(Beginning of SOURCE RECORDS)

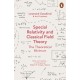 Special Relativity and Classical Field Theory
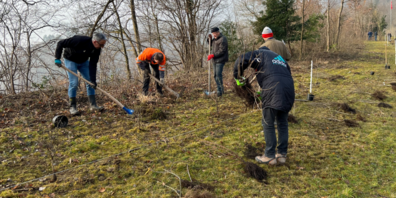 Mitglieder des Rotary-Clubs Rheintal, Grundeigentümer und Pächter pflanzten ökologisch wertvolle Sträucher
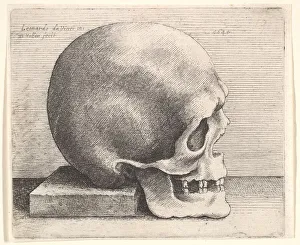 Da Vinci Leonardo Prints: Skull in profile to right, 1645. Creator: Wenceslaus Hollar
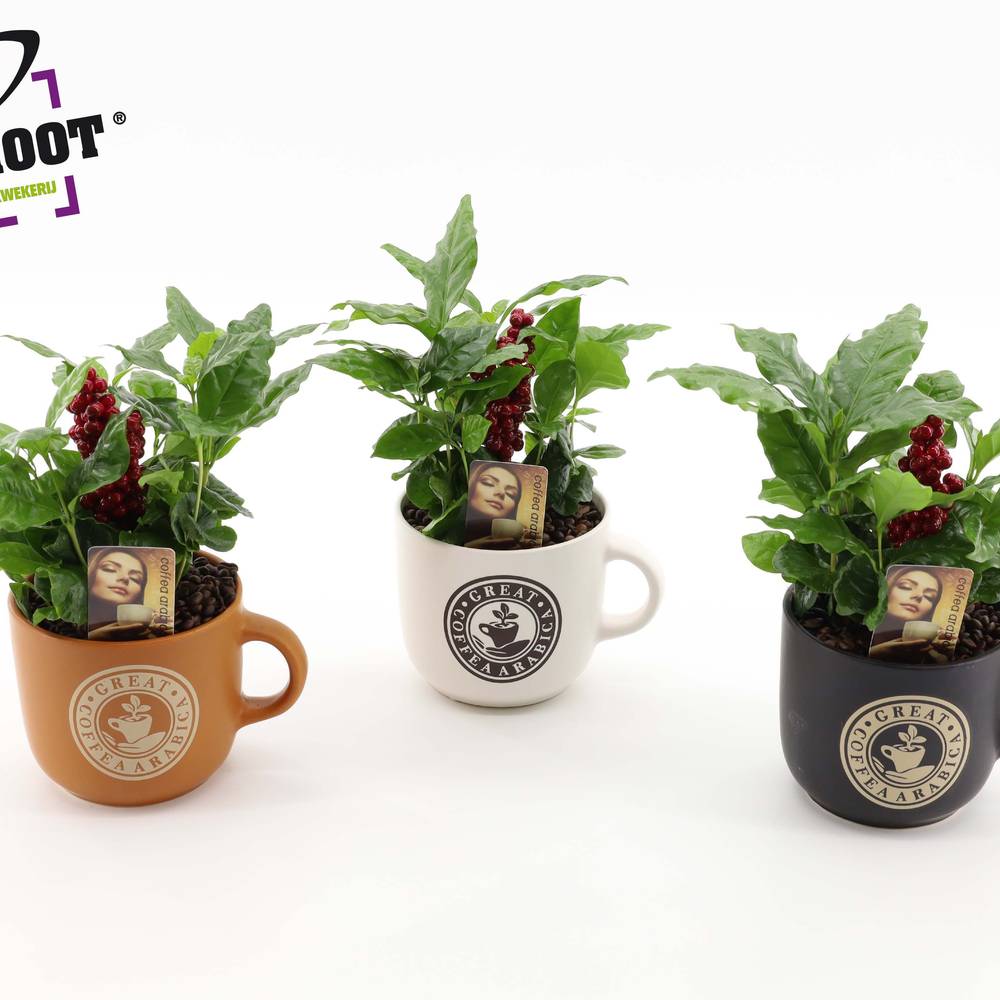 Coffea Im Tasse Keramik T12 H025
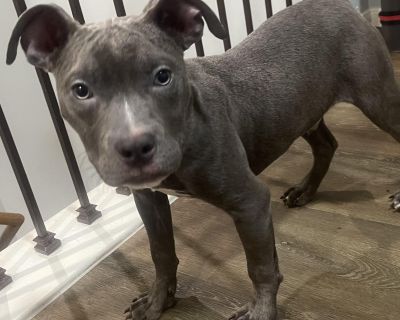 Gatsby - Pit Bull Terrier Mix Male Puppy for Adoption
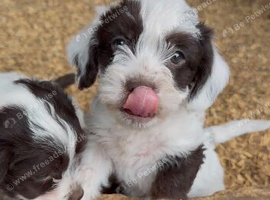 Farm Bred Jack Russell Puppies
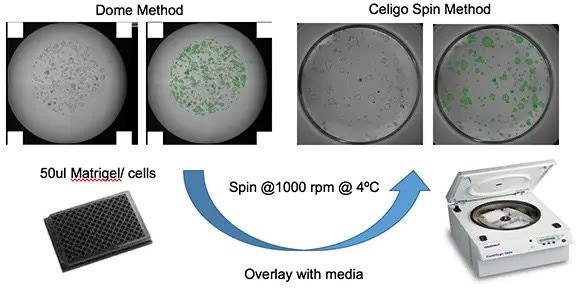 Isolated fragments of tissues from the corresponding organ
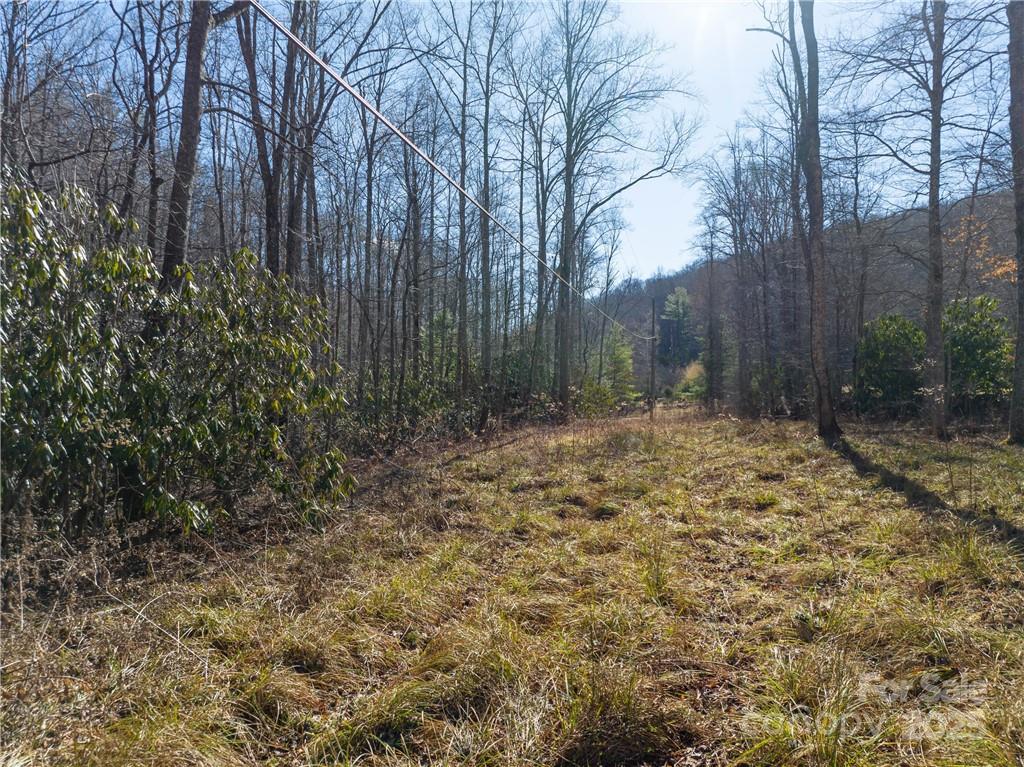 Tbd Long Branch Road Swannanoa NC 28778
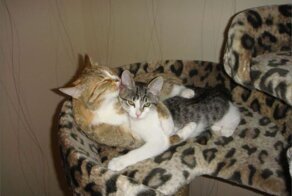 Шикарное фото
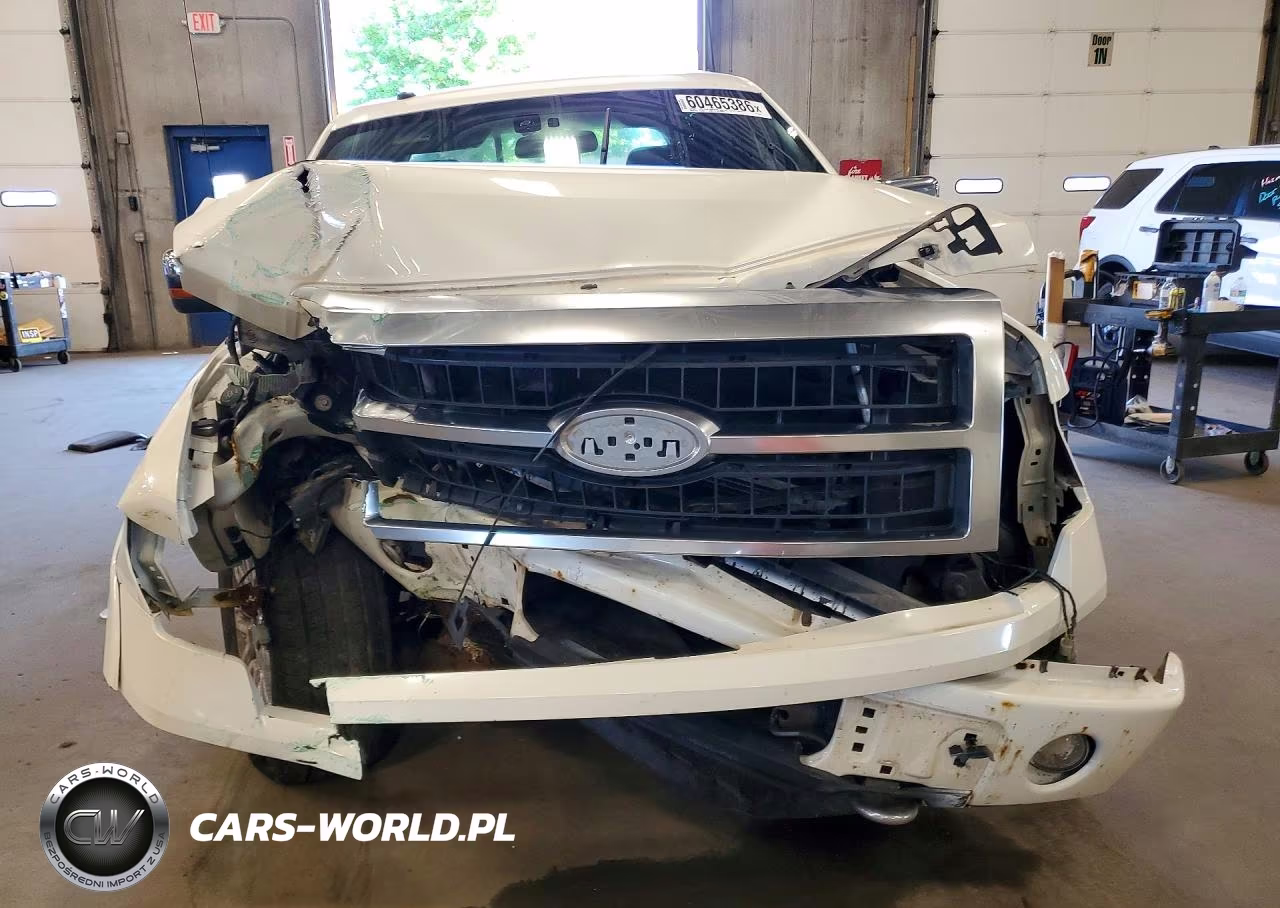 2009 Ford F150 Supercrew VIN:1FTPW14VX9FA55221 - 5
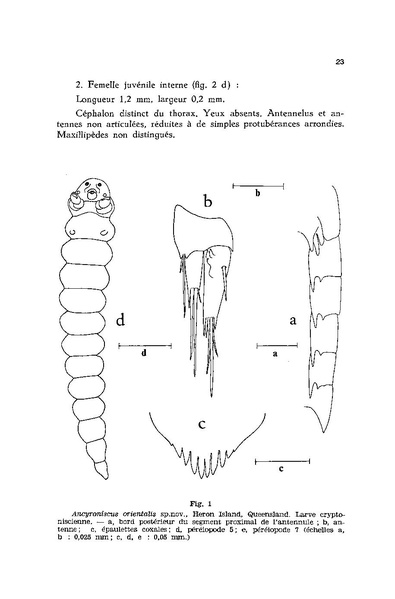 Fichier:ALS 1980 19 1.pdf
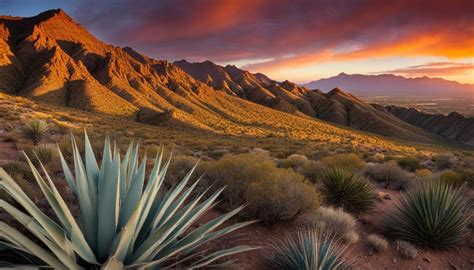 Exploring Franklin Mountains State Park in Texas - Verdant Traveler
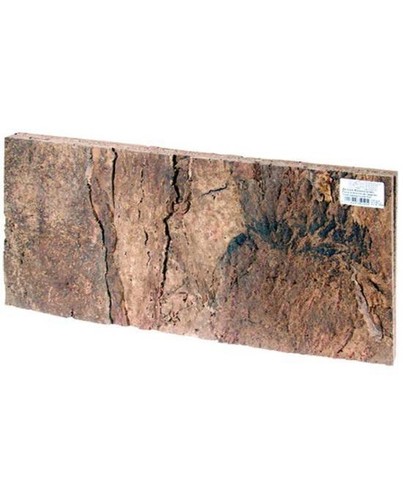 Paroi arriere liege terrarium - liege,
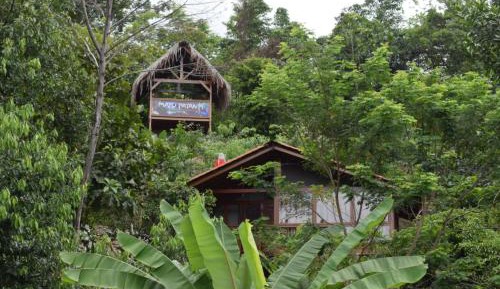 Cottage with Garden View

(End of SOURCE RECORDS)

→ **DIRECTIONS FOR THIS TASK**: Although the records contain pictures, print only the rest, exactly as written.

→ **RESULT OF THE TASK**:
 Special Relativity and Classical Field Theory
 Mitglieder des Rotary-Clubs Rheintal, Grundeigentümer und Pächter pflanzten ökologisch wertvolle Sträucher
 Da Vinci Leonardo Prints: Skull in profile to right, 1645. Creator: Wenceslaus Hollar
 Coffea Im Tasse Keramik T12 H025
 Gatsby - Pit Bull Terrier Mix Male Puppy for Adoption
 Farm Bred Jack Russell Puppies
 Isolated fragments of tissues from the corresponding organ
 Tbd Long Branch Road Swannanoa NC 28778
 Шикарное фото
 2009 Ford F150 Supercrew VIN:1FTPW14VX9FA55221 - 5
 Fichier:ALS 1980 19 1.pdf
 Exploring Franklin Mountains State Park in Texas - Verdant Traveler
 Paroi arriere liege terrarium - liege,
 Cottage with Garden View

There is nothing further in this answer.